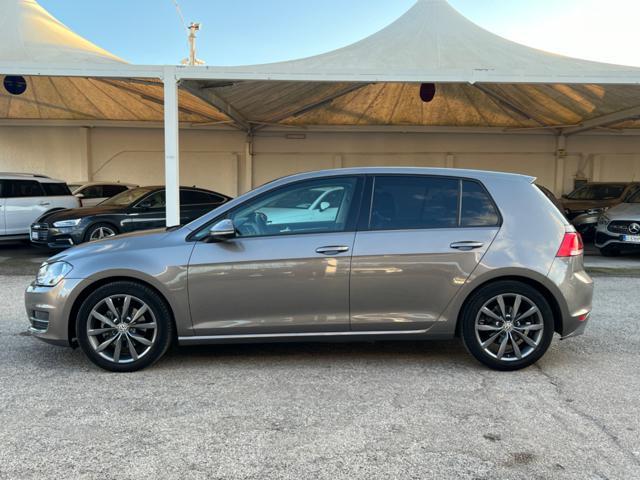 VOLKSWAGEN Golf 1.6 TDI 110 CV 5p. Highline BlueMotion Technology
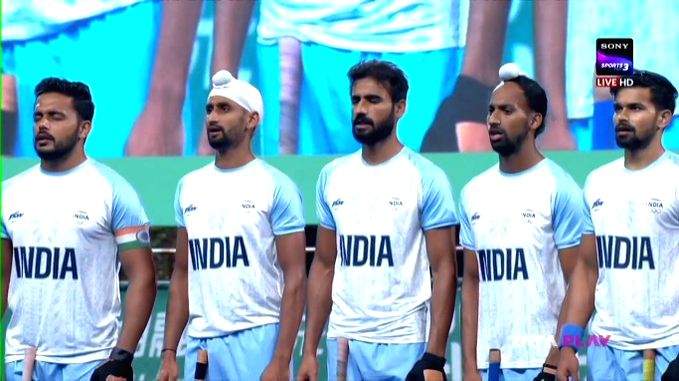 Asian Games: India thrash Pakistan 10-2, hand archrivals biggest defeat ever (ld) - Vimarsana News
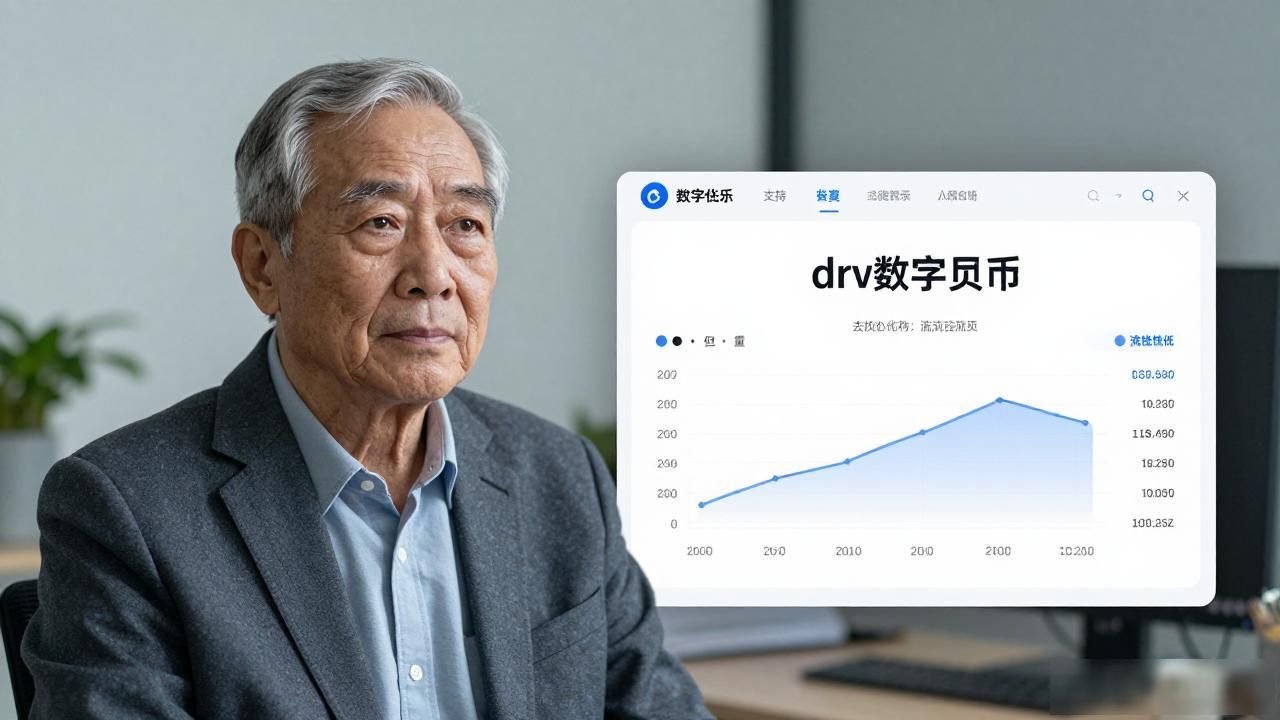 drv数字货币靠谱吗？老币民帮你避坑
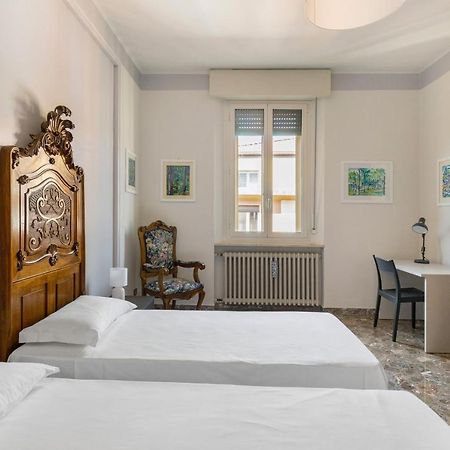Irnerio Apartments By Wonderful Italy Болоня Екстериор снимка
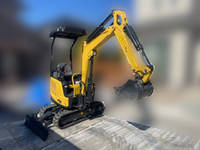 YANMAR Others Excavator VIO17-1  60h_8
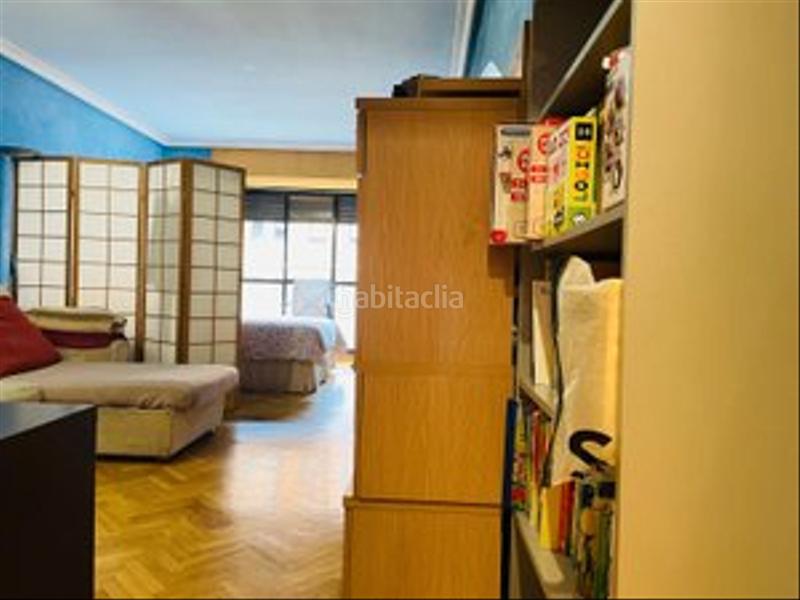 Foto 818b1723-161e-491a-ae70-3a015ca1eb8e. Apartment with heating pool in Imperial Madrid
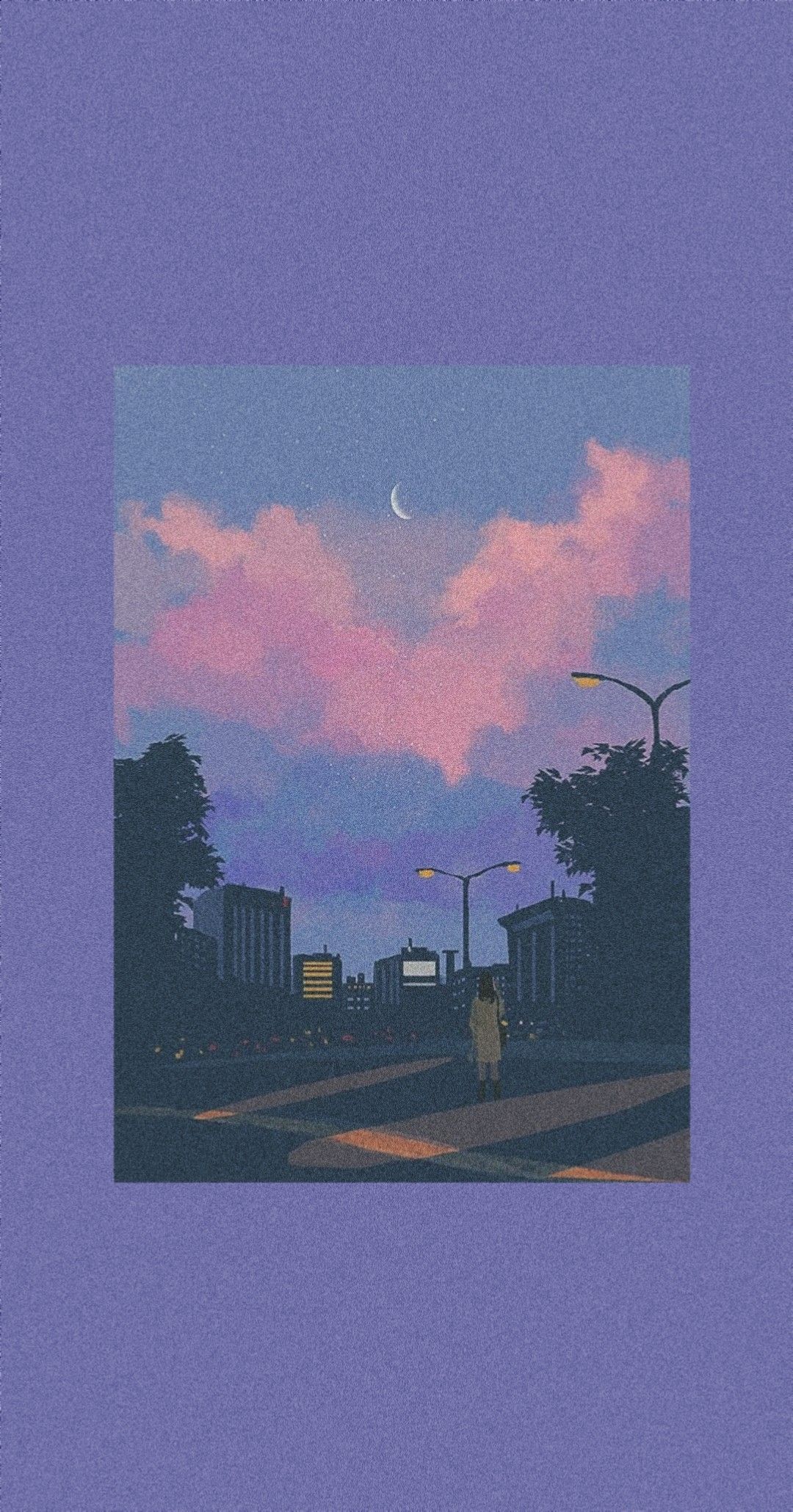 Chill Aesthetic Wallpapers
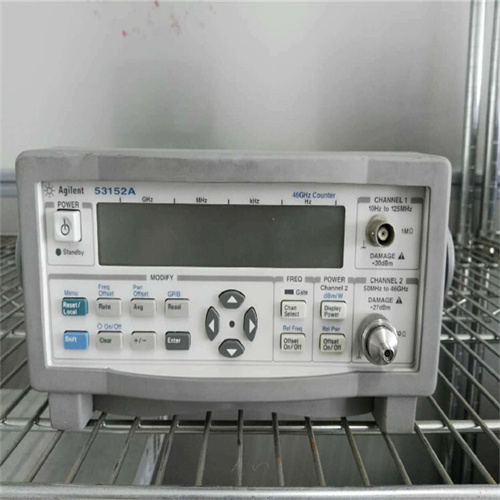 agilent53152A/安捷伦53152A回收40G频率计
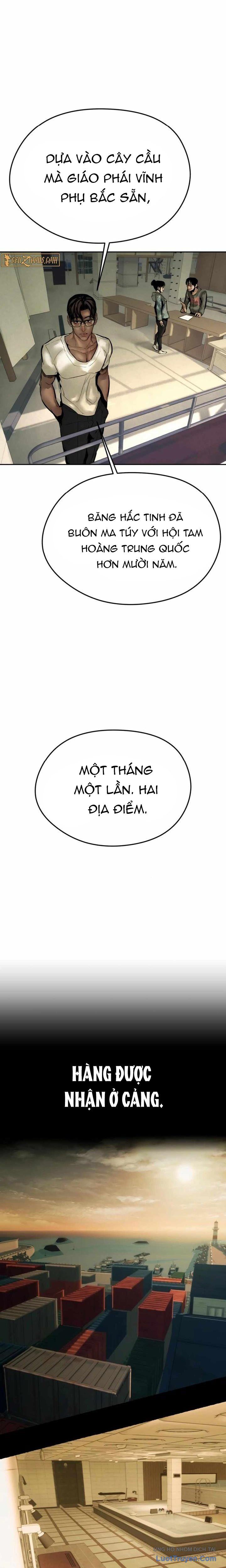 Thiếu Niên Ác Quỷ Chapter 9 - Trang 2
= = = = =
◆ **Task instructions**: When the line that holds "drv数字货币靠谱吗？老币民帮你避坑" is reached, begin duplicating exactly, and continue through the last line of the listing, skipping the pictures; output nothing else.

◆ **Task solution**:
 drv数字货币靠谱吗？老币民帮你避坑
Irnerio Apartments By Wonderful Italy Болоня Екстериор снимка
 YANMAR Others Excavator VIO17-1  60h_8
 Foto 818b1723-161e-491a-ae70-3a015ca1eb8e. Apartment with heating pool in Imperial Madrid
 Chill Aesthetic Wallpapers
 agilent53152A/安捷伦53152A回收40G频率计
 Thiếu Niên Ác Quỷ Chapter 9 - Trang 2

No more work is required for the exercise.